NEW YORK (WSI) – Il nuovo mercato obbligazionario non si riesce più a decodificare. Analizzarlo nel 2015 non è certo un’impresa semplice: azioni che vanno su e giù e obbligazioni come causa di agitazione, a prescindere dalla direzione in cui si muovono. Uno dei più grandi mercati finanziari del mondo è l’obbligazionario USA che vanta 39,5 mila miliardi di dollari di emissioni fino a metà 2015, secondo quanto rivela la Securities Industry and Financial Markets Association. Un mercato enorme che equivale, per la World Federation of Exchanges, a quasi due volte l’entità delle cinque borse più grandi di Giappone Cina e Europa messe insieme.
Ma come appare oggi il mercato obbligazionario alla luce della crisi finanziaria? Partendo dai bond, tradizionalmente associati alla sicurezza e alla prevedibilità, oggi appaiono vulnerabili a inversioni di tendenza dei prezzi e a distorsioni che potrebbero minacciare il finanziamento di imprese e privati. Si delinea così un contesto in cui i tassi di interesse ridotti hanno provocato una grande emissione di debito e di assunzione del rischio da parte degli investitori. A tutto ciò si aggiungono le normative più rigide che limitano gli istituti di credito e la crescita dei gestori patrimoniali e delle società di fast trading che modificano l’iter di compravendita delle obbligazioni.
Con la recente decisione della Federal Reserve di non alzare i tassi di interesse, il mercato si è trovato sotto i riflettori proprio in un momento in cui l’economia globale non decolla e i rapporti debito/pil dei Paesi di tutto il mondo sono più alti rispetto all’avvio della crisi finanziaria.
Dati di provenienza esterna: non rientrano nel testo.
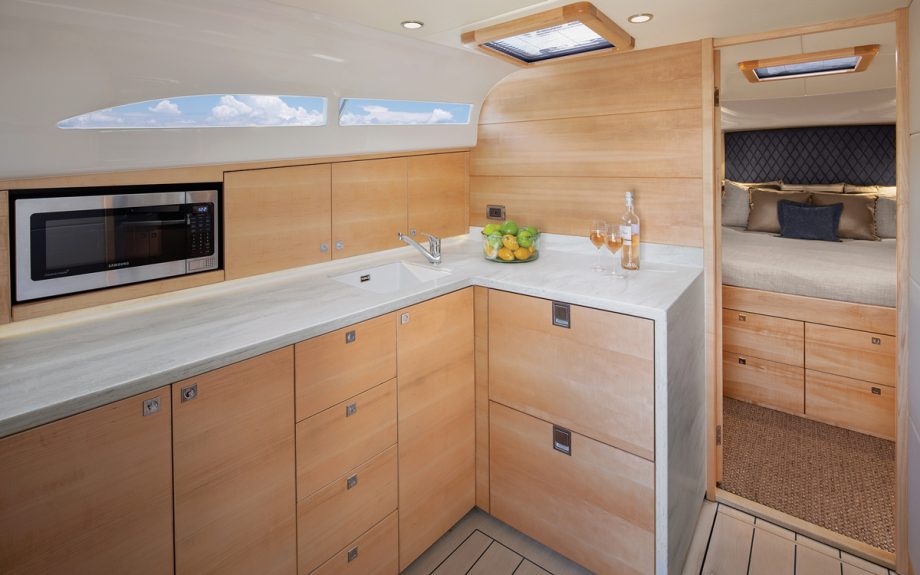 Palm-Beach-GT50-open-yacht-review-galley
Una fase di flessione del mercato potrebbe portare all’aumento dei rimborsi delle quote dei fondi, spingendo questi ultimi a vendere asset al fine di raccogliere liquidità e amplificare la pressione alla vendita nel mercato. Come rivela l’Investment Company Institute (Ici), dal 2007 1,5 mila miliardi di dollari sono andati in asset come i fondi obbligazionari comuni e gli etf statunitensi, da titoli di stato a debito corporate e delle amministrazioni locali, da confrontare a 829 miliardi di dollari in analoghi fondi equity.
Inoltre eventi come il “taper tantrum” del 2013 e il “flash crash” nel mercato dei titoli del Tesoro statunitense hanno fatto emergere la sensazione diffusa tra molti analisti e trader che il mercato obbligazionario sia molto vulnerabile e sempre più soggetto alla volatilità. Senza dimenticare che molti fondi obbligazionari sono stati duramente colpiti nel 2008, sollevando dubbi sulle performance che potrebbero realizzare in occasione di futuri smottamenti.
Allo stato attuale quindi si può concludere affermando che il mercato obbligazionario non si trova in una “bolla” che sta per esplodere e la decisione della Fed di mantenere costanti i tassi di interesse si potrebbe configurare come un ulteriore monito del fatto che i rendimenti si manterranno bassi nei prossimi anni.